Open Census MCP Server

Disclaimer

This is an independent, open-source experiment.
It is not affiliated with, endorsed by, or sponsored by the U.S. Census Bureau or the Department of Commerce.

Data retrieved through this project remains subject to the terms of the original data providers (e.g., Census API Terms of Service).

Stability

Container build 2.0 is decent, but still issues with the quality of results.

Census in Your Pocket 📱

Turn any AI assistant into your personal Census data expert. Ask questions in plain English, get accurate demographic data with proper interpretation and context.

Before: "I need ACS Table B19013 for FIPS code 24510 with margin of error calculations..."
After: "What's the median income in Baltimore compared to Maryland?"

🚀 Quick Start - Ready to Use!

Option 1: Pre-built Container (Recommended)

# Run the Census MCP server (one command - everything included!)
docker run -e CENSUS_API_KEY=your_key ghcr.io/brockwebb/census-mcp-server:latest

# Or without API key (still works, just slower rate limits)
docker run ghcr.io/brockwebb/census-mcp-server:latest

Claude Desktop Configuration

Add to your claude_desktop_config.json:

macOS: ~/Library/Application Support/Claude/claude_desktop_config.json
Windows: %APPDATA%\Claude\claude_desktop_config.json

{
  "mcpServers": {
    "census-mcp": {
      "command": "docker",
      "args": ["run", "--rm", "-i", "-e", "CENSUS_API_KEY=your_census_key", "ghcr.io/brockwebb/census-mcp-server:latest"]
    }
  }
}

That's it! Restart Claude Desktop and you'll see a 🔨 hammer icon indicating the Census tools are available.

Get a Census API Key (Optional but Recommended)

Visit: https://api.census.gov/data/key_signup.html
Register for a free API key (improves rate limits)
Add to your Docker command or Claude Desktop config

Try It Out

Ask Claude questions like:

"What's the population of Austin, Texas?"
"Compare median income between California and Texas"
"What's the poverty rate in rural counties?"
"How do teacher salaries vary by state?" (it will correctly guide you to BLS data!)

The Problem

U.S. Census data is incredibly valuable but has a steep learning curve for non-specialists.
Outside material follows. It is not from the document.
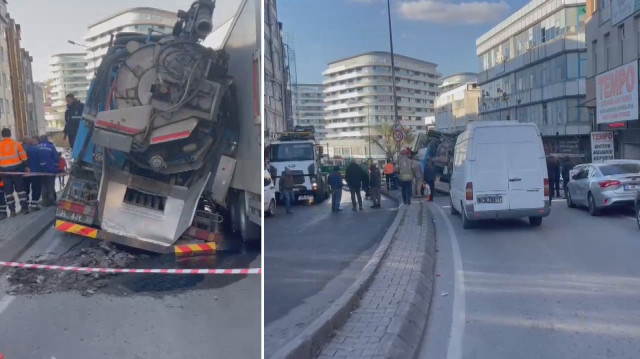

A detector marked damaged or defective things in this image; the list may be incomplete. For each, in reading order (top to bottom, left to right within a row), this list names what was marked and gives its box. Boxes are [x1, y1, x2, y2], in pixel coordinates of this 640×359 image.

crashed truck [55, 0, 262, 253]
Even experienced researchers struggle with geographic hierarchies, variable naming conventions, margin of error calculations, and knowing which data combinations actually work. In our experience, the biggest impediment to demographic analysis is often just figuring out how to get the right data in the first place.

Vision: Democratizing America's Data

Today: Census data influences billions in government spending and policy decisions, but accessing it effectively requires specialized knowledge that creates barriers for many potential users.
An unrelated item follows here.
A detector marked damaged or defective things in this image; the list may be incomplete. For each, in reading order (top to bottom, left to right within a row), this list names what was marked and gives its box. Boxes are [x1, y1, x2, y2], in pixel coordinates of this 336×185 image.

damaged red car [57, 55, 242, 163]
Opportunity: The semantic matching from natural language to Census variable codes is genuinely novel and could be transformative for researchers who currently have to navigate thousands of cryptic variable names manually. Everyone should have access to high-quality Census data with a world-class AI assistant.

Tomorrow: City council members fact-check claims in real-time during meetings. Journalists get demographic context while writing stories. Nonprofits understand their communities without hiring statisticians. Researchers spend time analyzing instead of wrestling with APIs.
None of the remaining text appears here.